The proposed E40 Waterway would connect the Baltic and Black seas, from the Port of Gdańsk, in Poland, to the Port of Kherson, in Ukraine, running through Belarus. This riverine route offers numerous potential benefits to its participating countries, such as providing greater integration, diversifying trade routes, and developing local regions. For Belarus, the completion of the waterway means closer integration with EU-NATO member Poland and Western-leaning Ukraine, and economic benefits such as access to transport corridors leading to increased trade with Turkey, Central Asia, the South Caucasus and further afield, alongside the strategic benefit of direct access to the Baltic and Black seas.
At the same time, however, the development of the E40 presents a number of drawbacks, including fierce environmental opposition, questions of economic viability, expensive bottlenecks and funding concerns. The options for financing the more than $14.5 billion project are varied, with potential investors including the European Union, the Three Seas Initiative and states such as China. Yet funding looks to be dependent on the E40’s economic benefits offsetting the potential environmental damage. This waterway has so far attracted varying degrees of support from the governments of Ukraine, Poland and Belarus.
Until recently, the E40 Waterway proposal highlighted Minsk’s evolving geopolitical outlook, underscoring the Belarusian state’s willingness to deepen cooperation with Ukraine and Poland. The current political crisis and social unrest in Belarus following the August presidential election, however, has seen relations between the partners cool considerably. That said, Belarus’s long-term outlook may still see the country seeking closer integration with both Poland and Ukraine eventually. To date, construction of the E40 Waterway has faced significant setbacks. Nonetheless, Ukraine has already begun dredging part of the route, Belarus had approached investors for the construction of a deep-water port, and Poland is investing heavily to enhance its position as a key transit hub, demonstrating that the project is by no means dead in the water.


The E40 Waterway is a proposed 2,000-kilometer inland shipping route linking the Black Sea with the Baltic. The waterway would flow from Gdańsk, Poland, to Kherson, Ukraine, running through Belarus and along five rivers: the Vistula, the Bug, the Pina, the Pripyat and the Dnieper. The proposed route would also pass alongside major cities in the region, including Brest (Belarus), Warsaw (Poland), and Kyiv (Ukraine). To an extent, the course is already navigable, but use of the route as a complete waterway is hindered by the section between Warsaw and Brest, along the Bug, that requires the construction of a new canal. Development of the E40 also involves deepening existing waterways and building locks, dams and weirs to ensure consistent water levels.

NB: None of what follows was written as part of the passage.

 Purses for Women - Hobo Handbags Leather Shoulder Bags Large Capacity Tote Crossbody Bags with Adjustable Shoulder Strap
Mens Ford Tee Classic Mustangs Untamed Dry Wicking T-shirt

The route is of particular significance to landlocked Belarus, giving the country more direct access to both the Baltic and Black seas, along with potential links to other Western inland waterways via Poland such as the E70, which, when completed, will allow for passage all the way to Berlin and Rotterdam. The E40 could also result in numerous geopolitical transformations and benefits for Central and Eastern Europe, further raising Poland’s role as a regional leader, reducing Belarus’s economic dependencies on Russia, and offering Belarus and Ukraine closer ties to the European Union through trade and infrastructure. The localized benefits could be numerous as well, with large investment in the communities through which the waterway would pass.

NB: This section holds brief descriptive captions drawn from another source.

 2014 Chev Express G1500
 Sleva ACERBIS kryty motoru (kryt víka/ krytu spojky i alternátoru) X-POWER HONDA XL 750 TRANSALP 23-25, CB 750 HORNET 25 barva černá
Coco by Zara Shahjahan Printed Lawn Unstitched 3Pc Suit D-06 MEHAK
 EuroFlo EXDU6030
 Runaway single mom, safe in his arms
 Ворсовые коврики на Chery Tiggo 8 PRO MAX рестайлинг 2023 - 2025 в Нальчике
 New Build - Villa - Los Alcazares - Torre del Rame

One of the EU’s current priorities is the restoration and development of sustainable transport, including inland waterways. The European Commission’s 2018 white paper, “Roadmap to a Single European Transport Area—Towards a Competitive and Resource Efficient Transport System,” considered transport by inland waterways as key to the sustainability of the European transport system. The EU aims to reduce carbon dioxide (CO2) emissions by 60 percent by 2050; moreover, it wants to shift at least 30 percent of all roadway transit over 300 km to rail and water by 2030, and to raise this proportion to 50 percent by 2050.[1] Other ongoing development plans in the region, such as the Three Seas Initiative and Chinese infrastructure investment through the Belt and Road Initiative, could feasibly help realize the project.

A number of serious concerns persist, however, including the environmental cost of the project as well as questions of funding, economic viability and the waterway’s advantages over railroad investment. The funding options available, such as through the EU, largely depend on the proposed waterway’s ability to offset the environmental concerns. Meanwhile, the contentious August presidential election in Belarus, followed by heavy-handed government repressions, Minsk’s restored reliance on Moscow, a possible economic downturn and forthcoming EU sanctions, have raised additional considerable challenges to the construction of the waterway, at least in the short term.

Despite those apprehensions, Belarus and Ukraine are at the early stages of implementing the E40 Waterway. Belarus intends to build a new deep-water port in the Nizhniye Zhary village to handle extra cargo and has been in talks with Turkish private investors.[2] Ukraine also announced an investment of 80 million hryvnia ($3.15 million) to begin dredging the Dnieper River.[3] In October 2019, during a visit to Ukraine, Belarusian President Alyaksandr Lukashenka stressed the benefits of the waterway, saying “Ukraine’s and Belarus’s transit appeal can be enhanced by navigation along the Dnieper River, along the Pripyat River, and its integration into the international [waterway] E40.”[4] In April 2020, Ukraine reported that during the first three months of 2020, the volume of dredging works carried out was more than four times that for the same period in 2019,[5] including dredging on the Kherson sea channels, a key part of the E40 route that feeds into the Black Sea. Poland is currently conducting a second feasibility study on the E40, due for release in late 2020.[6]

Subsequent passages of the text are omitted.